The following example demonstrates this comparison rule:

Step

Source NUMBER(5,2)

Target FLOAT

Original value

11223

1.1223E+2

Converted to floating-point

1.1223E+5

1.1223E+2

Precision

p₁ = 5

p₂ = 4

Comparison precision

min(5, 4, 5) = 4

min(5, 4, 5) = 4

Formatted scientific value

1.122E+5

1.122E+2

Result

Out-Of-Sync

The converted fixed-point value (1.122E+5) and the floating-point value (1.122E+2) do not match after normalization, so Validata correctly reports the comparison as Out-Of-Sync.

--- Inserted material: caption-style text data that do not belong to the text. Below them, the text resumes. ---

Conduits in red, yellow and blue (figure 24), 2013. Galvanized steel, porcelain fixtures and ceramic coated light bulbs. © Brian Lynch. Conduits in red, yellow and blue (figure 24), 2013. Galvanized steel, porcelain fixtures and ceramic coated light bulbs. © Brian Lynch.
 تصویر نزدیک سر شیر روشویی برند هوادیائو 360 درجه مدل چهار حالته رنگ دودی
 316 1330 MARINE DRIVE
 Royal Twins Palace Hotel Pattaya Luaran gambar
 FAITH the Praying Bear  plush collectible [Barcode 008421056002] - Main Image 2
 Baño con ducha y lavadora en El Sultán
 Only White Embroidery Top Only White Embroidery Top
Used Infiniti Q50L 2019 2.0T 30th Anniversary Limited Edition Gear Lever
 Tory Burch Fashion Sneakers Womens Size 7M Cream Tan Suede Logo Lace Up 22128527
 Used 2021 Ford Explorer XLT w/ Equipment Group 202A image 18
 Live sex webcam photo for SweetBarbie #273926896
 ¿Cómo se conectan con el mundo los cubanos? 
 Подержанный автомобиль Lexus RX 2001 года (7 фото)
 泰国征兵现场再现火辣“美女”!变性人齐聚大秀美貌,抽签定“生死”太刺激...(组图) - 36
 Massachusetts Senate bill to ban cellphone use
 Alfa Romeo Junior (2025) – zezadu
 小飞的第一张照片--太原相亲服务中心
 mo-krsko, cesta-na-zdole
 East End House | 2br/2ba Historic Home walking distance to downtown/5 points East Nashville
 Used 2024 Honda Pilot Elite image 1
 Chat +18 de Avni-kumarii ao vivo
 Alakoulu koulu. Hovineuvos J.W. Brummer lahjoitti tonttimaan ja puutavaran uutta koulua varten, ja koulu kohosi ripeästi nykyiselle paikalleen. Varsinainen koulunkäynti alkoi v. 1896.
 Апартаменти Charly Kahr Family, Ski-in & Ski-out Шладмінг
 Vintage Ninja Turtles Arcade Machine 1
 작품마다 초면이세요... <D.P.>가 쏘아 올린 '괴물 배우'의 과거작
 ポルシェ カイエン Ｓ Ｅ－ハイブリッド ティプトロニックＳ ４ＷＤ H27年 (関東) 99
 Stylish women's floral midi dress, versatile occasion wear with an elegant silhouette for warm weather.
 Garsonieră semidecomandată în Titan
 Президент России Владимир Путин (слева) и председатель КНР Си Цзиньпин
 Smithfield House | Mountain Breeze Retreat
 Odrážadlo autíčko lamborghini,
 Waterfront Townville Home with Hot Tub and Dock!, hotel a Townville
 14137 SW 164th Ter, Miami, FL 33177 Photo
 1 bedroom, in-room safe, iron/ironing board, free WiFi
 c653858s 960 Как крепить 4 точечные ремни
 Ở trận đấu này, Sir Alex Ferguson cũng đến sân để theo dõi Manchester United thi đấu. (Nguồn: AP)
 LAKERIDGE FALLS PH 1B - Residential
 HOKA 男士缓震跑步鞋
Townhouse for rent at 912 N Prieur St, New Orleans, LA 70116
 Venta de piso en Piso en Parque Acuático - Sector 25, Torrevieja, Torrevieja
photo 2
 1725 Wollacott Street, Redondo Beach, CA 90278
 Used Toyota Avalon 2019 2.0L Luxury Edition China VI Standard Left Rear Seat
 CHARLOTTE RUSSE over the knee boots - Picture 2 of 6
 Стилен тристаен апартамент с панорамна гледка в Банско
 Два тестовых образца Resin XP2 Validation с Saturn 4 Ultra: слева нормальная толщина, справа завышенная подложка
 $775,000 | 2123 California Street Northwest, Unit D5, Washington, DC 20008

Floating-point numeric columns compared with non-numeric columns

When a floating-point numeric column is compared with a non-numeric datatype such as VARCHAR, Validata does not apply numeric or scientific-notation comparison rules. Instead, Validata converts both values to literal strings and performs a string-to-string comparison. This rule applies to any heterogeneous mapping where the source is numeric and the target is not.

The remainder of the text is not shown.